A situação é ainda mais dramática para a continuidade de uma esquerda que apregoa seus conceitos keynesianos como se fossem a última novidade e que amarra suas próprias mãos sem perceber. Novas possibilidades de ação só serão abertas com a perspectiva de superação do modo de produção e de vida capitalista, que ja não pode ter nada em comum com o merecidamente extinto »socialismo real«. Seu conteúdo pode ser apenas a produção, apropriação e distribuição da riqueza material-sensível e a reorganização das condições da vida social para além da produção de mercadorias, da valorização do capital e da administração estatal. Isso requer novas formas, procedimentos e instituições de discussão e de planejamento social, nas quais os indivíduos livremente associados possam decidir sobre o que lhes diz respeito, sem que seu horizonte de ação seja ditado pelas restrições reificadas e cada vez mais destrutivas da lógica da mercadoria e da “financiabilidade«. É claro que tais formas de associação livre de indivíduos em cooperação não podem surgir do dia para a noite, mas devem ser desenvolvidas e testadas em um processo de transformação social mais amplo. A questão que se coloca é onde identificar os possíveis pontos de partida que teriam relação com esse processo.

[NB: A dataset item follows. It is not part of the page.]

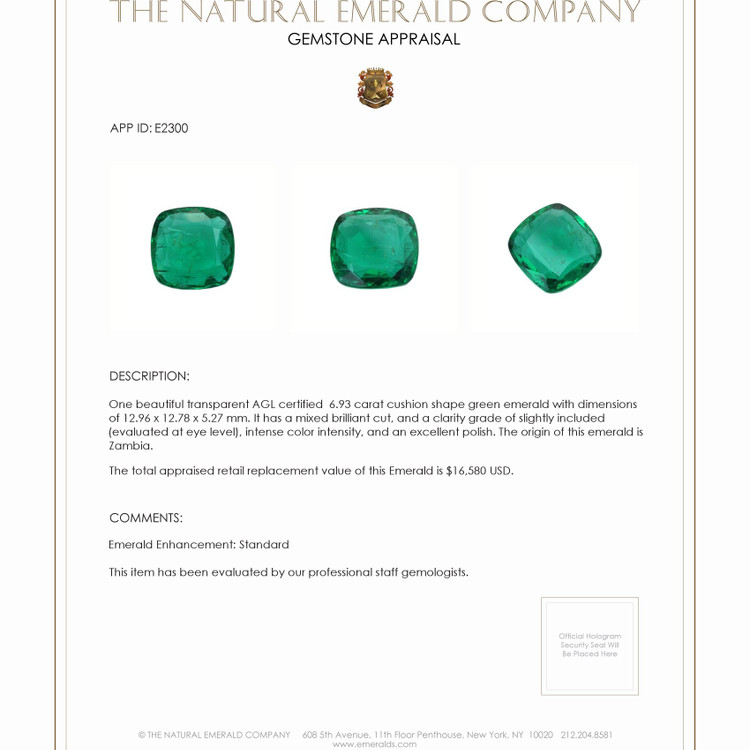 6.93 Ct. Emerald from Zambia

No que diz respeito ao desenvolvimento das forças produtivas e do conhecimento social, há possibilidades de um modo de produção descentralizado, mas conectado em termos globais e tecnicamente eficiente, organizado de acordo com critérios da razão sensível-material e compatível com a preservação dos fundamentos da natureza. Alguns exemplos já existem, como o fornecimento descentralizado de energia a partir de fontes renováveis; sob as condições atuais,porém, tais potenciais não podem se desenvolver porque a lógica capitalista tende a centralizar e formar grandes unidades de valorização, de modo que os projetos poupadores de recursos e a produção ecológica são compensados pelo aumento da produção voltada para a acumulação de capital (efeito rebote). Algo semelhante também ocorre com as tecnologias modernas de informação e comunicação que, dada sua capacidade de poupar trabalho, impulsionam o processo fundamental de crise do capitalismo, tornando cada vez mais pessoas »supérfluas« e destruindo as estruturas da vida social. Se fossem utilizados no sentido da produção da riqueza material e da satisfação das necessidades concretas-sensíveis, por outro lado, ajudariam a realizar um velho sonho da humanidade: o de uma sociedade na qual todos têm o suficiente para levar uma boa vida e dispor do tempo.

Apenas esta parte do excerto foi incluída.